### [Provided data]
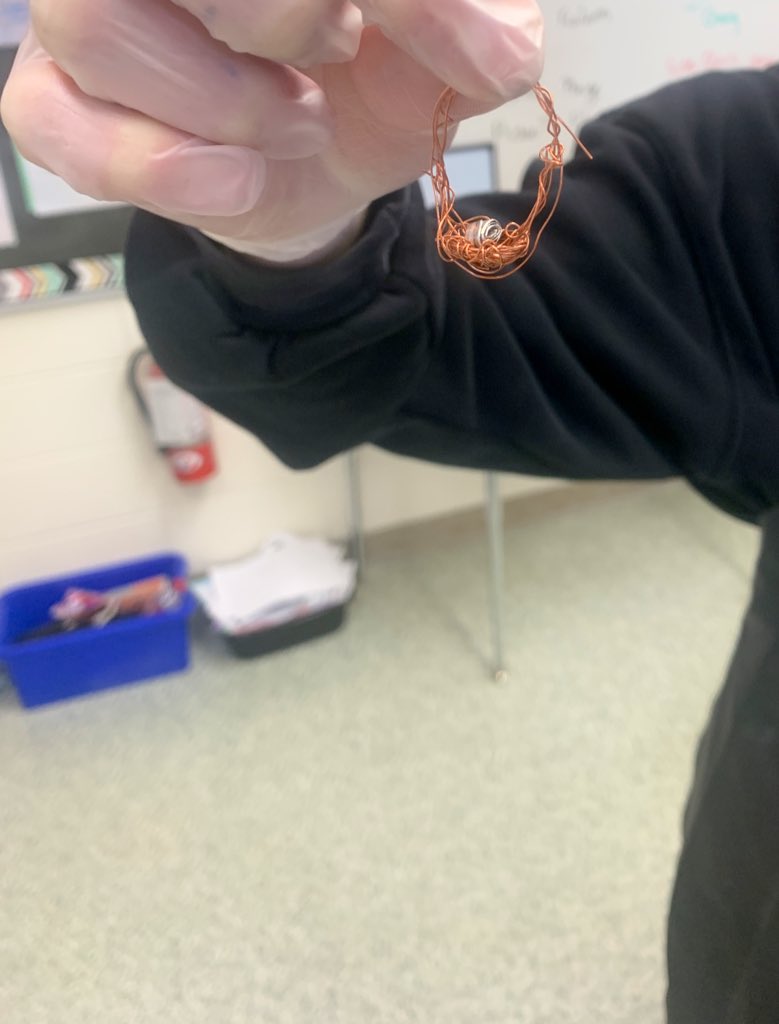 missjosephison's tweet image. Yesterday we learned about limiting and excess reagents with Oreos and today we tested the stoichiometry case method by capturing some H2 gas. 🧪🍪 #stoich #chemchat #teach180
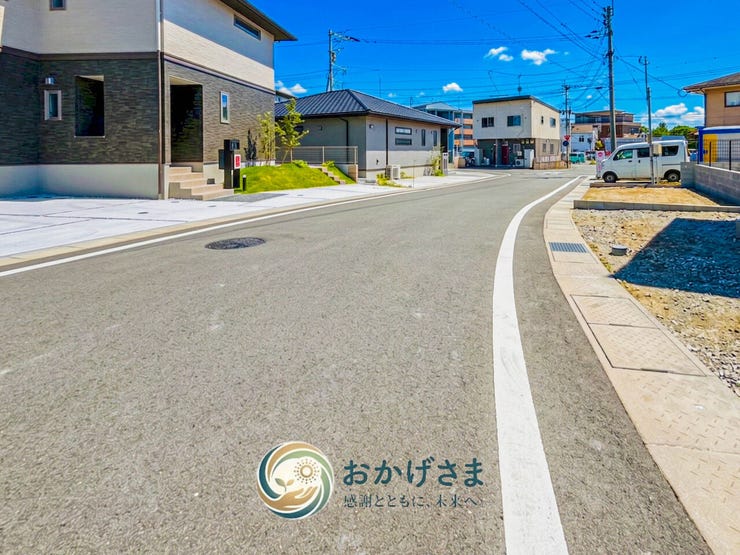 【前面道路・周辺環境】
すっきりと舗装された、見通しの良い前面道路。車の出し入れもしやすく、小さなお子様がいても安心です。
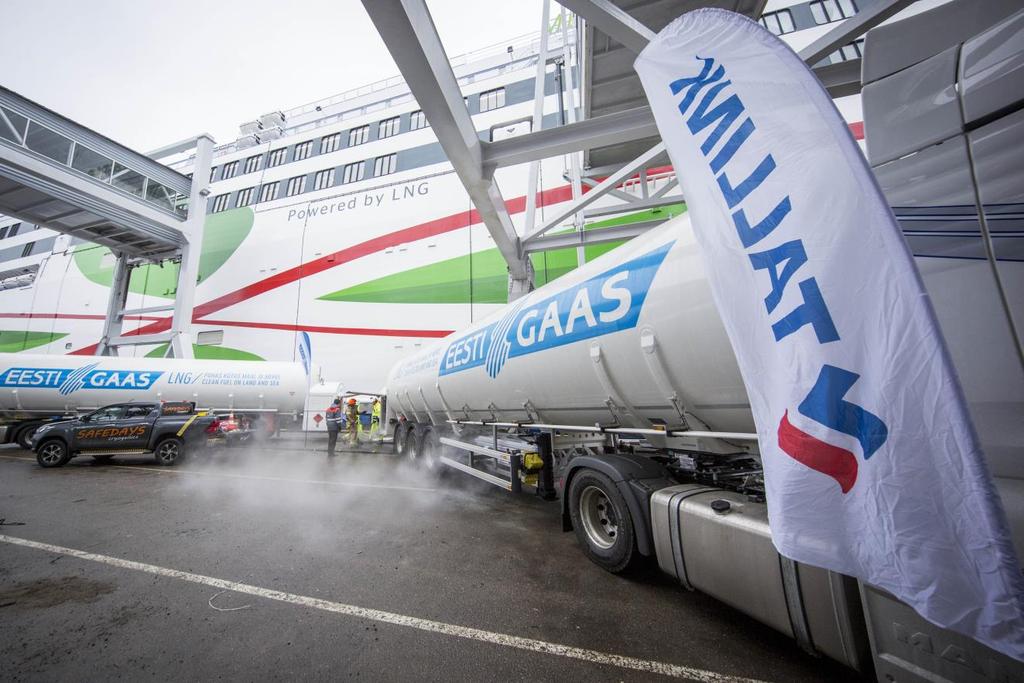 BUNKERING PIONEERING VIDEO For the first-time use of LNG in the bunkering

### [Exercise objective]
Pictures aside, print every line of the material exactly.

### [Written reply]
 missjosephison's tweet image. Yesterday we learned about limiting and excess reagents with Oreos and today we tested the stoichiometry case method by capturing some H2 gas. 🧪🍪 #stoich #chemchat #teach180
 【前面道路・周辺環境】
すっきりと舗装された、見通しの良い前面道路。車の出し入れもしやすく、小さなお子様がいても安心です。
 BUNKERING PIONEERING VIDEO For the first-time use of LNG in the bunkering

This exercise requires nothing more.